Many couples believe that deciding to divorce is the hardest thing they’ll ever do; that is, until they realize that they have to tell their children. While you have no control over how your children will react to the news, there are a few things you can do to help the initial conversation go more smoothly:
- Try to present the decision in as neutral a way as possible. The announcement of the divorce is not the time to start the blame game (Where children are concerned, there is never a good time to start the blame game).
- Give honest, concrete information at developmentally appropriate levels. Let them know what will be different after the divorce (i.e. that there will be two households) and what will remain the same (i.e. that they will still go to the same school).
- Emphasize that your decision to divorce has nothing to do with them. Let them know there is nothing they could have done to prevent the divorce from happening.

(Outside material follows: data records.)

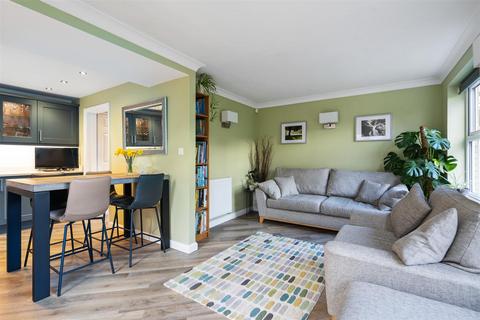 34 Whitefields Gate, Solihull, B91 3GE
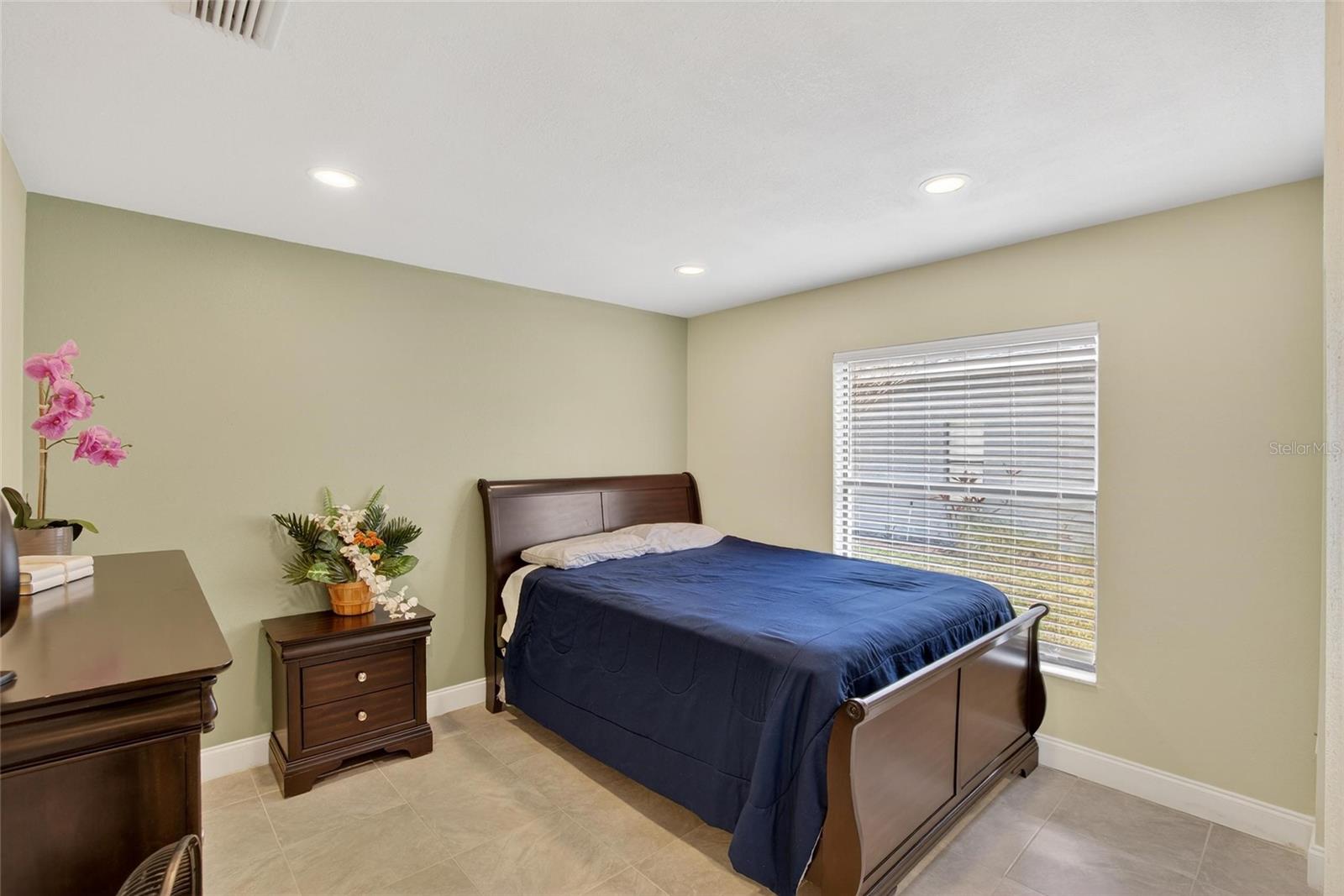 Image 7 of 100 For 12940 Prestwick Drive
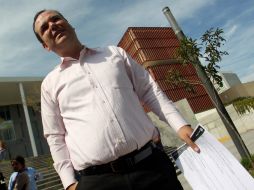 Monraz, al momento de entregar el documento en Ciudad Judicial.  /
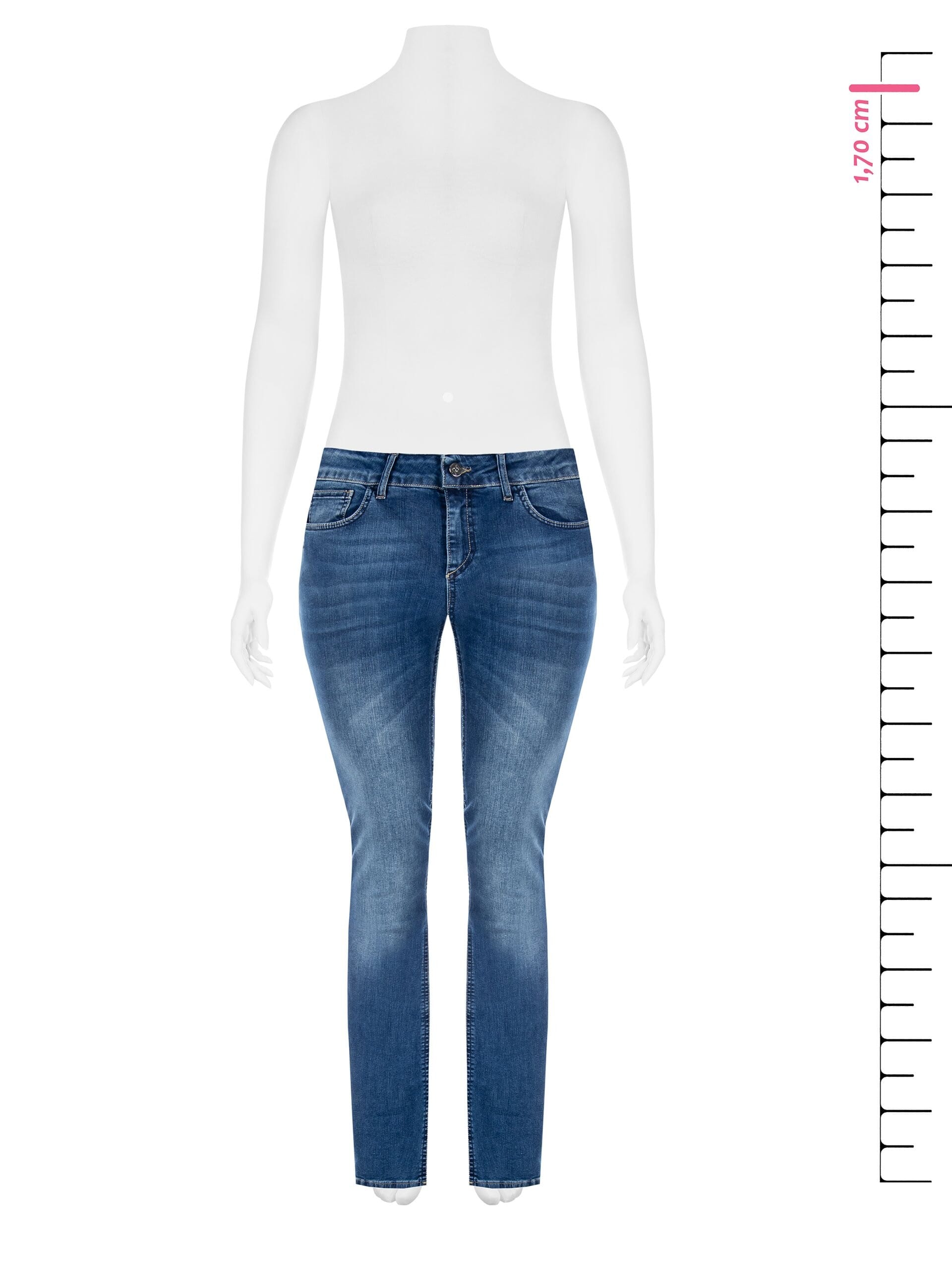 Jeans Flare Curvy Con Strass Sulla Tasca Dietro Rinascimento Curvy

- Don’t be surprised if your children think only of themselves. Depending on their ages and developmental levels, some will be more self-focused than others, but for the most part, children are going to think about themselves first. Be ready for “selfish” sounding questions, like “who will pay for me to keep playing baseball?” and “who will drive me to school?”
- Accept a range of emotions, or no initial expression of emotion at all. Every feeling is okay – anger, relief, frustration, surprise, disbelief, sadness, excitement, etc. The same does not go for all behaviors (i.e. “I understand that you are angry, but you may not kick the dog”).
Though these tips are designed to help you through the initial talk, understand that the conversation about divorce will be on-going, and not just over the first few weeks or months, but potentially over the children’s lifetimes. As children get older and move through developmental stages, they often reinterpret past events through the lens of their newfound maturity. Your willingness to talk to them over and over will be an outward manifestation of your pledge to continue loving them.
Lastly, be kind to yourself through this process. There is no real “right way” to handle any particular situation with your children. You can simply do the best you can with the knowledge and resources you have available at the time.